The astronauts live in harmony, but the countries they belong to do not. There is a division between the four astronauts who are not Russian and the two who come from Russia.
— I finished the novel before Russia invaded Ukraine. Still, I had in mind that I didn't want to ignore the growing unrest between the West and Russia. That's why at one point in the book there's talk of a rift on the International Space Station. The rift is real, it exists, and it's symbolic. The International Space Station was a peace project that wanted to repair the relations damaged during the Cold War.
It was put into orbit at the end of the 20th century.
— It has been a success for the past 25 years. Seventeen countries have contributed – this is no joke, we should be proud. The Russian part of the International Space Station cannot function without the American, European and Japanese parts. The only way to survive is through cooperation. It is inevitable that all this will be lost soon. The International Space Station will be like a pleasant dream from which we will soon wake up.

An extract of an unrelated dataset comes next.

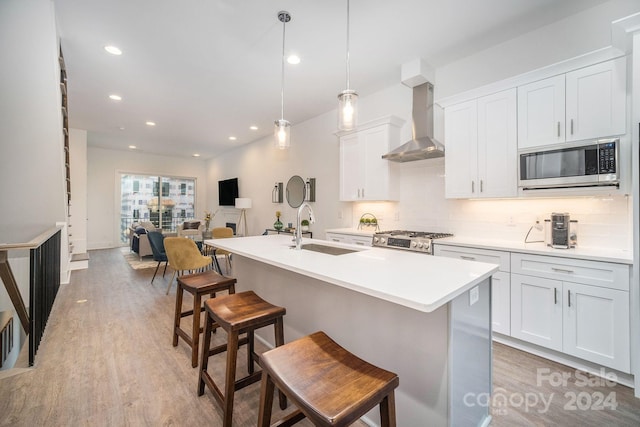 kitchen featuring decorative light fixtures, light hardwood / wood-style floors, stainless steel microwave, wall chimney exhaust hood, and sink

There is a subversive point to writing a novel in which nothing happens.
— As readers, we are programmed for disasters, for bad news, or simply for those turning points that make the story move forward. But a novel about an orbiting space station can only explain that it is circling the Earth, over and over, without stopping. History, if it exists, must emulate this movement. Writing a novel is like casting a spell. If I can get the reader to notice its effects and want to stay, I will have won. I trust that will be enough to keep writing like this.
The Booker must have been a help.
— Winning the Booker has been something of a miracle. But I have to fight to keep having one day a week that I can devote to writing. If the Booker takes me away from literature, it will go from being a miracle to a curse.
BeforeOrbital had been through a difficult time. The insomnia he suffered following the sudden death of a cousin motivated The shapeless unease: in year of not sleeping (2020) [An indefinite malaise [in Spanish at Anagrama, 2022]. Are you feeling better from insomnia?
— I still sleep badly, but I'm a little better. Since the events that prompted that book, I haven't been completely well. That season, despair took hold of me. The nights became eternal. There was no difference from the day, in fact. The only thing I could do, apart from going to the doctor, was write. It's the only thing I know how to do. I didn't write with any other purpose than to try to express myself through phrases that I wanted to be beautiful.
Did that change your approach to literature?
— Absolutely. I realized that it is something I need to do to continue living, regardless of the success or impact my books may have. The world does not need me to write any novels, but I do.